Women love a man who's in control.

But what does that mean, exactly? It really seems as if it's hard to find the exact mix of attitudes and actions that will result in turning women on rather than either causing them to roll their eyes or worse...run away.

Being in control requires masculine strength, almost by definition.

Yet, we've all heard about certain guys who can only be described as "controlling jerks". It's their way or the highway, regardless of what the woman desires or even what's good for her.

Almost invariably, guys who attempt to hamfist relationships like this are actually demonstrating more weakness than strength.

They put the woman they're with on lockdown, largely because they're so insecure in their jealousy.

They assert their selfish, narcissistic will in a feeble attempt to feel powerful, probably because they lack power in virtually every other area of life.

But make no mistake, there are also guys who are so weak that even when they try to be controlling, they come off as begging.

Perhaps you've known a guy who was so insecure about losing a woman that he resorted to threats and/or ultimatums to try to keep her around.

Such behavior only comes off as desperation. Leveraging fear of loss is quite simply an ill-conceived attempt to hold a relationship together that's not healthy for either partner.

Meanwhile, there are even guys out there who habitually deny a woman almost anything that's within their sphere of influence to affect, even if they're required to fight pure, obvious logic in the name of being contrary.

Again...it's all rooted in security.

Granted, most of us aren't so extreme. But that doesn't mean there still isn't room for improvement.

Unfortunately, some of what many of us do in the name of being a man who's "in control" is learned from reading questionable dating advice.

Well, either that or we misinterpret perfectly reasonable dating advice.

Perhaps you've been taught never to give a woman what she wants, lest she thinks she "owns" you.

I've personally read advice clearly advocating that the only straight answer you should ever give a beautiful woman is "no".

And then there are the countless twists on trying to get what we want while camouflaging neediness or selfishness.

The "three day rule", "kino escalation" and "building compliance" all come to mind.

So then, what is the right way to present yourself as a man who's worthy to be in control?

The answer is disarmingly simple, yet it almost never occurs to many in this "me first" culture of ours.

What you do is make bold decisions based on what her best interests are.

You'll soon find out that nearly every well-adjusted woman with a good heart is going to respond magically to that.
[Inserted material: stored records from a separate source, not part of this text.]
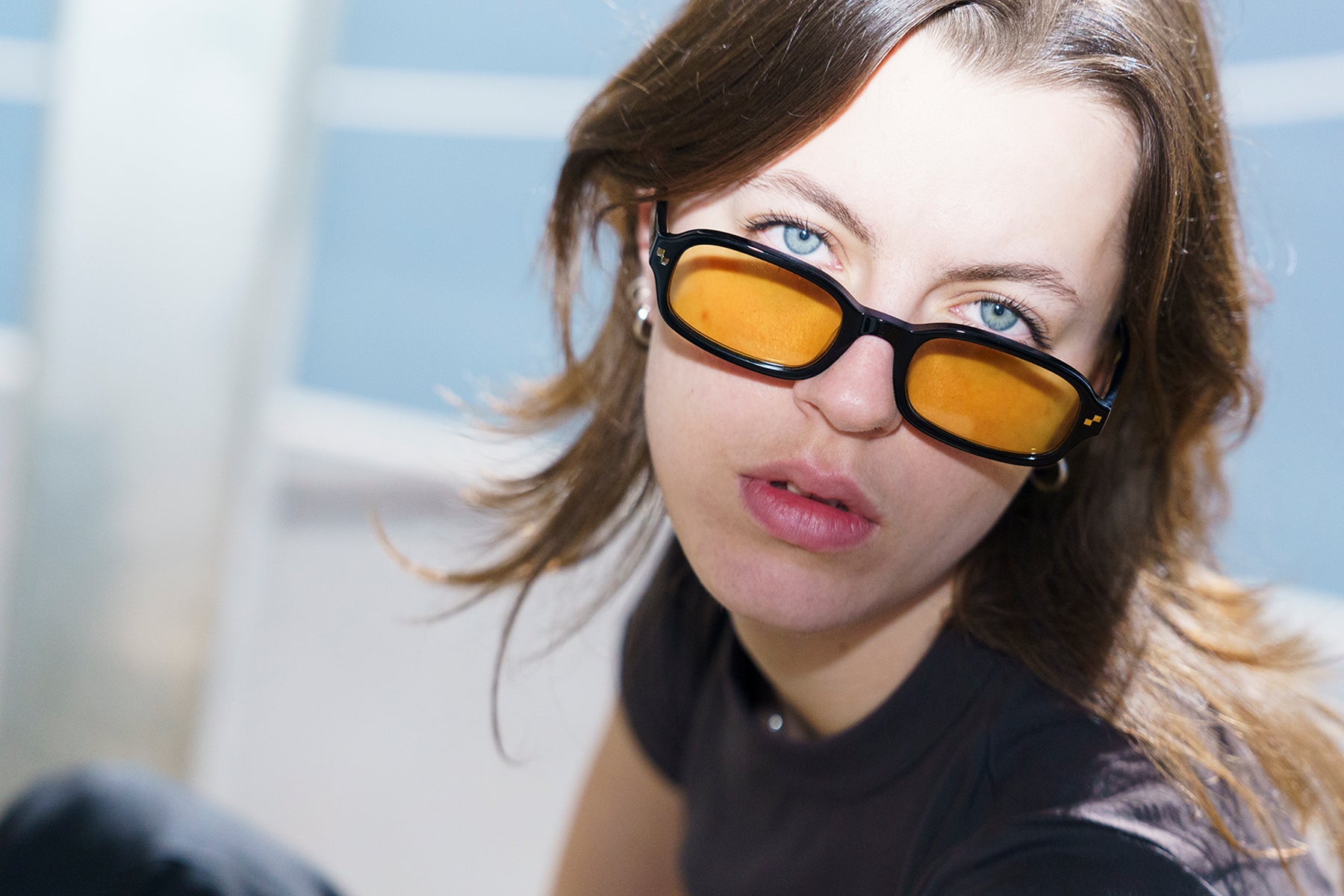 Sound Bite - RADIO EYEWEAR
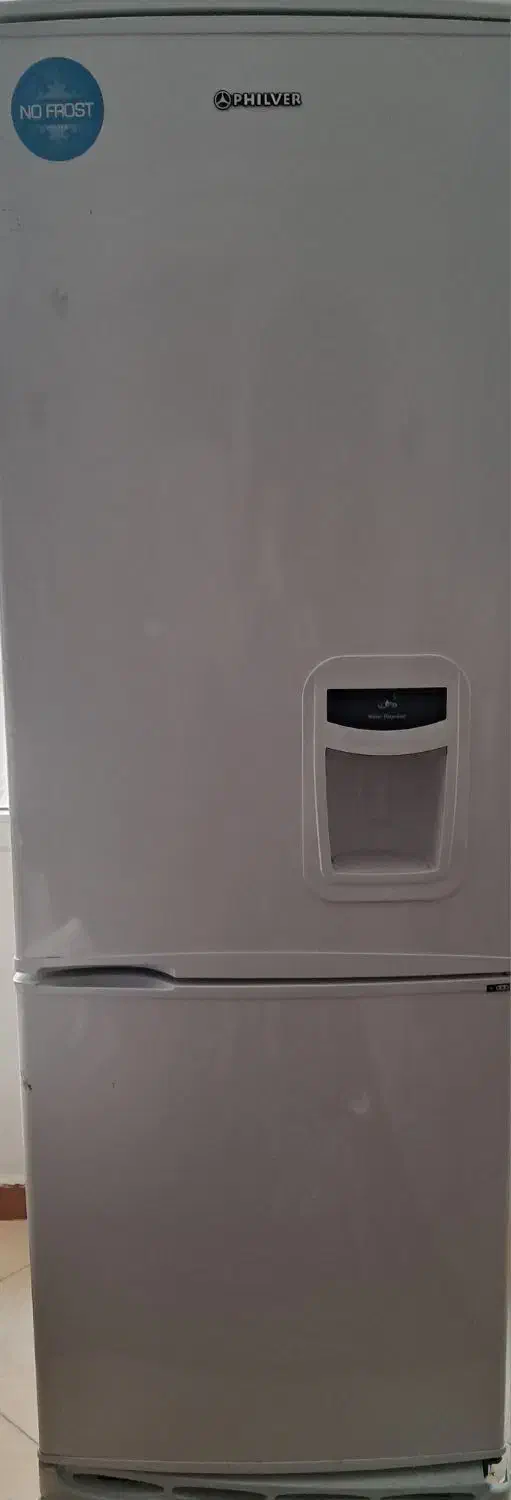 یخچال فیلور|یخچال و فریزر|مشهد, آزادشهر|دیوار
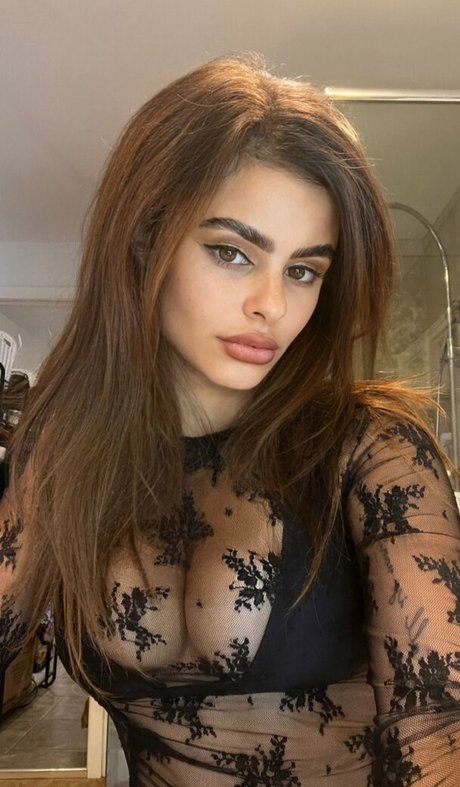 Jacquie Lee onlyfans keak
No, you don't necessarily give in to whatever she asks...nor should you.

But when it's cold outside you give her your jacket instead of shrugging and telling her it's too bad.

Yes, YOU are the one leading. But your leadership invariably shows positive concern for her.

Sooner than later you'll not have to worry about when to call a woman. If you sense she needs a call from you, you'll pick up the phone. You won't play games.

You'll quickly discover that when you actually give a rip about a woman you're attracted to, she's more likely to want to have sex with you than if you were pushy about it.

And most of all, you'll find yourself with a willing woman rather than merely a compliant one.

So go ahead...take control. Do it the right way and you'll have distanced yourself from all the other creepy jerks and milquetoasts out there who just don't get it, and probably never will.

Give a woman you really like the freedom to accept your leadership and willingly offer you the control you deserve as a man.